Она немного помолчала. Видимо, собиралась с мыслями. И затем снова стала рассказывать:
— Я убегала на кладбище каждый день. Приезжала и ложилась на могилу. Был июнь, тепло, я прижималась щекой к земле и только тогда меня немного отпускала страшная боль. Мне казалось, если я буду тут лежать, то каким-то образом соединюсь с Сашенькой. Логики в моих тогдашних мыслях не было никакой. Мне кажется, я вообще тогда не думала. Существовала на чистом инстинкте. Знают же раненые и больные животные, какую траву им надо есть. Вот и я, как смертельно раненый зверь, приползала в то единственное место, где мне становилось хоть немного, но легче.

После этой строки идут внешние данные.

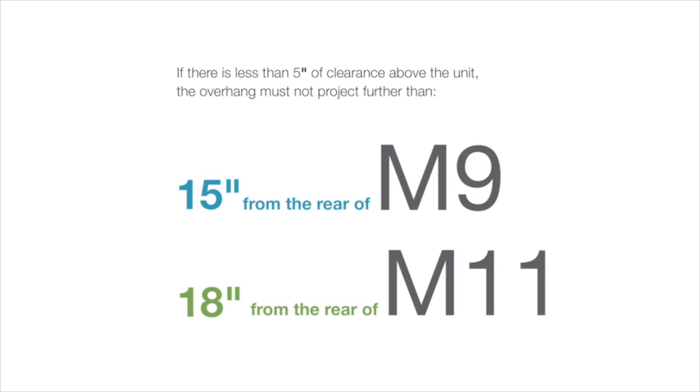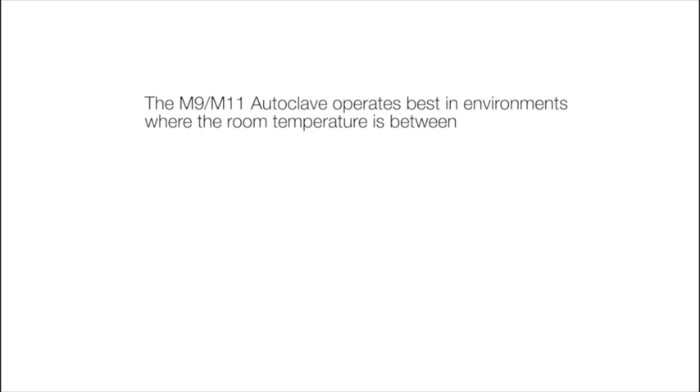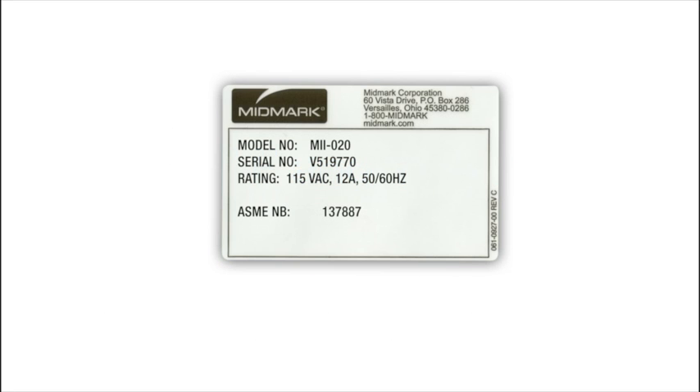The overhang must not project further than 18 inches from the rear of the M11. The M9-M11 autoclave operates best in environments where the room temperature is between 68 degrees Fahrenheit and 104 degrees Fahrenheit, with less than 80% relative humidity. M9 and M11 autoclaves are available in either 115 volt or 230 volt AC configurations.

Димке самому хотелось выть, как смертельно раненому зверю. Вот только голос ему по-прежнему не повиновался.
— А вечером родители приезжали с работы и забирали меня домой. Так продолжалось месяц. Может меньше, может больше. А один раз, приехав домой, отец зашел ко мне в комнату и сказал, что если я еще раз удеру, он сдаст меня в психушку. Меня посадят под замок, или даже свяжут. И я больше никогда не смогу съездить к Саше на могилку. Он не понимала, как это было мне нужно…. — Дарья зябко поежилась, обняла себя руками. — Знаешь, вообще родители тогда… мне кажется, они где-то в глубине души считали, что я сама виновата. По сути, правы были, наверное, учитывая, какая я в те годы была оторва. Но ведь мне было всего семнадцать! А мне казалось, что я осталась одна на всем свете со своим горем. Никто не жалел, не понимал. А мне хотелось, понимаешь! Чтобы хоть кто-то… — она глубоко вздохнула. — Ладно, эти детские обиды — дело прошлое. Самое главное — угроза отца подействовала. После этого я убегать перестала. Сидела дома. Родители говорили, мне надо школу закончить. Я целыми днями сидела и смотрела в учебники. И ничего не видела. А по ночам смотрела в окно. С подоконника. Вниз. С высоты девятого этажа.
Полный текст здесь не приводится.